Theology supplied the origin of the conflict. In the 1590s, some liberal Dutch pastors began to file away the sharp edges of Calvinist doctrine, raising doubts about the idea of double predestination and flouting the official doctrine of the Dutch Reformed Church. This they could do, because that church had never been made compulsory. It could never compel everyone to accept its rigid Calvinist confession of faith. Many of the republic’s leaders never joined it at all. Those who did not included the central character in the drama of 1617, the Dutch statesman Johan van Oldenbarnevelt, the republic’s prime minister in all but name. Seventy years of age and a veteran of the revolt against Spain, he distrusted the clergy and resented their ambition to dominate the state.
Oldenbarnevelt could not accept the idea that God created some human souls purely for the sake of damning them to hell. Nor did he wish to be dictated to by the Dutch Reformed Church, however patriotic it might be. And so, from about 1607, he sided with the liberals, or Arminians, led by the Amsterdam preacher Jacobus Arminius. Known also as the Remonstrants, the Arminians argued that God might choose to save everyone, and that human beings could freely assist God in doing so. More to the point, the Arminians were happy to accept that the state, led by Oldenbarnevelt, reigned supreme.
In all of this, Oldenbarnevelt played with fire. Theology stirred up emotions, and he had made many enemies: he was a brilliant lawyer, but by birth he came from a landowning family in the rural east of the republic, and he was an elitist. Nobody hated him more than the popular hero of the Dutch, the son of William the Silent, Prince Maurice of Nassau, fifty years of age in 1617. A brilliant general, and a determined foe of Spain, Prince Maurice was also amoral, an undiscriminating lecher, and a man happy to use religious strife as a weapon in a contest for power.
As Carleton put it, the disorders arose from “a schism in the church, countenanced and maintained by faction in the state.” Prince Maurice threw his weight behind the Counter-Remonstrants. They were the popular Calvinist party, anti-Arminian, a loose and unruly alliance of the Dutch Reformed Church, the urban working class, and merchants eager for another war with Spain, not least because they wished to take control of the trade with the Indies, East and West.10
England’s ambassador at The Hague, and later secretary of state, Sir Dudley Carleton (1574–1632), from a portrait painted in about 1620 by the Dutchman van Mierevelt (Print in author’s collection)
Each of the violent clashes of 1617 involved a sectarian fight between these two religious factions.

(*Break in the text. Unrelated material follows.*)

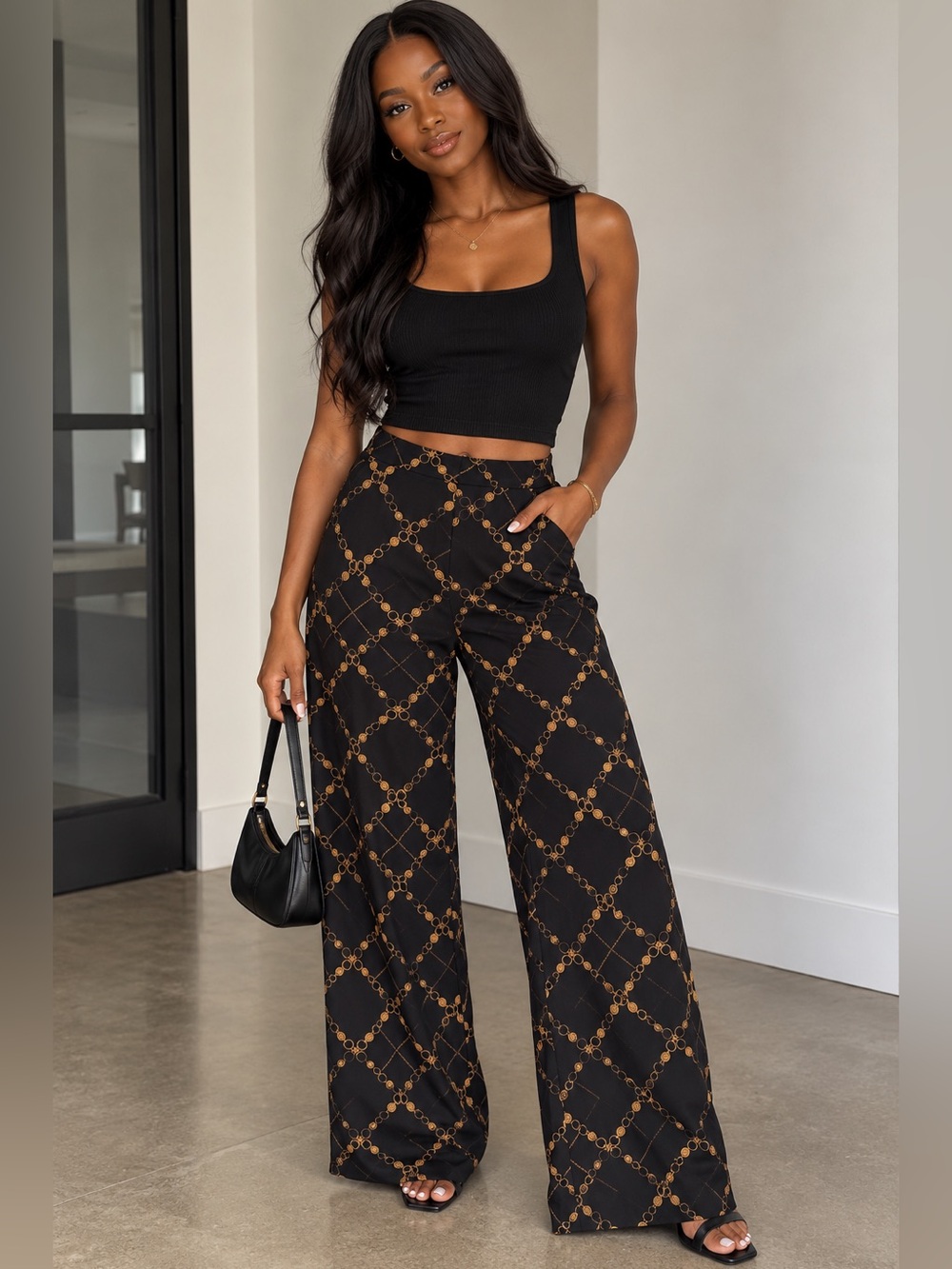 Zara Black Wide Leg Chain-Print Pants Sz Small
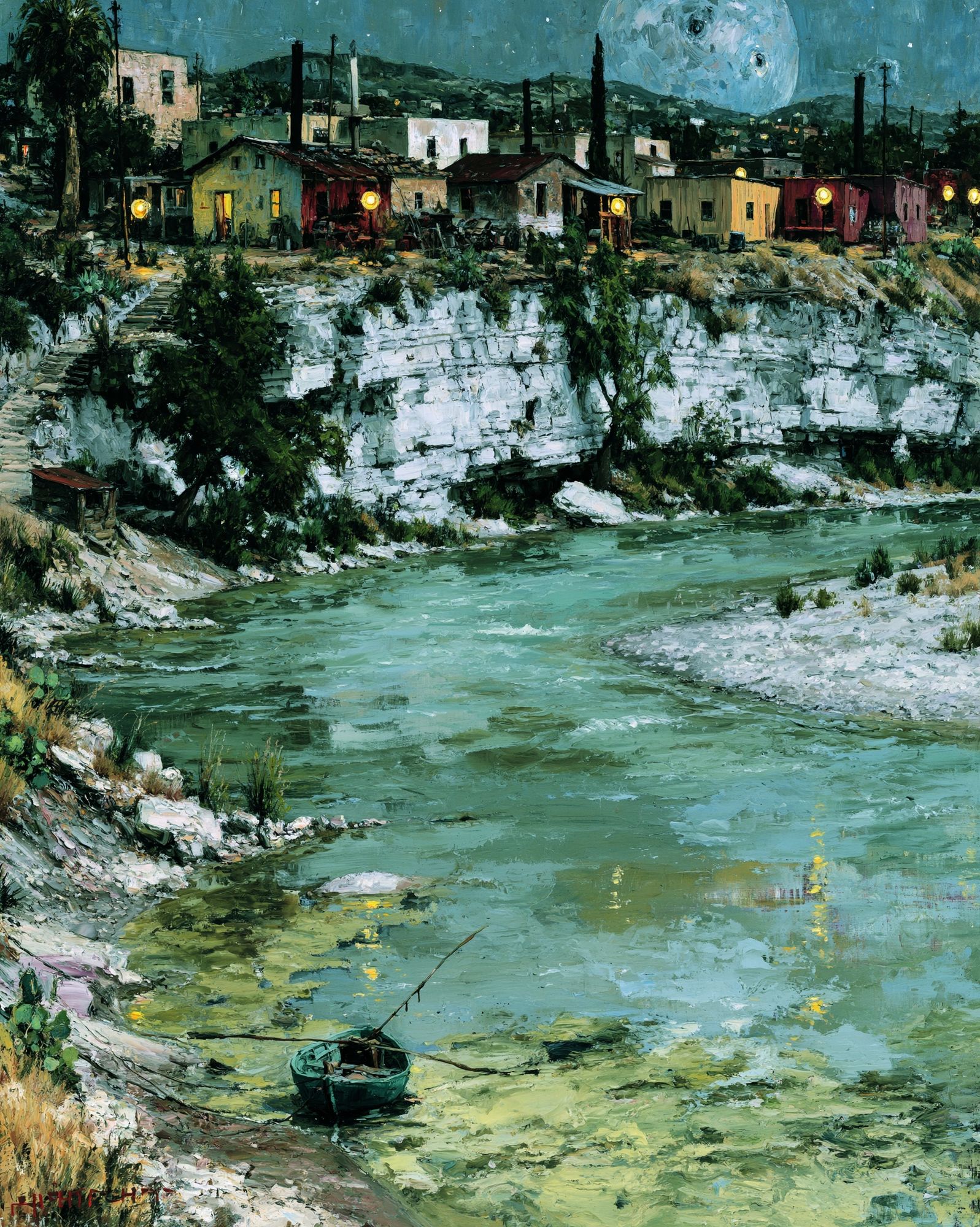Moonlit Riverside Village Print. poster — fine-art art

The Amsterdam riot, for example, erupted because the rioters heard that an Arminian pastor was preaching in the house they attacked. At The Hague, thousands of Counter-Remonstrants occupied the city’s largest church, opposite Oldenbarnevelt’s mansion, and held it by force. Much the same was true at Leiden. There, and at other cities, the ruling oligarchy and the burgomasters were Arminians, and they mobilized their waardgelders to defend themselves against a popular rebellion. The barricades around the town hall at Leiden came to be called “the Arminian fence,” and the city became a sort of Dutch Belfast, divided by physical barriers as well as those of creed and class.
How should the English exiles respond? Their sympathies lay entirely with the Counter-Remonstrants, because the Pilgrims were orthodox Calvinists, sharing the same stark dogma of double predestination. Their friend Ames acted as tutor to the sons of an Amsterdam merchant called Reynier Pauw, leader of the anti-Arminians in that city and a close ally of Prince Maurice’s. At Leiden, William Bradford loathed the Arminians, blaming them entirely for the unrest. John Robinson took an even more direct role in events, actively supporting the Counter-Remonstrants in fierce debates at the university. His friends included the most orthodox Calvinist professors, ardent supporters of Prince Maurice.11
On the other hand, the English were merely foreigners, powerless and with little money. If they backed the wrong horse, they might find themselves in serious trouble. It should not be surprising, therefore, that the Pilgrims began an urgent debate about the idea of leaving for America, or that they found it very hard to reach a consensus. Which course of action was the more dangerous? To sail to the New World, where the traumas in Virginia gave little cause for confidence? Or to remain at Leiden, where anything might happen and where the economic climate was already difficult, and might soon become disastrous? The puzzle was all the harder to solve because the Dutch crisis offered a positive opportunity.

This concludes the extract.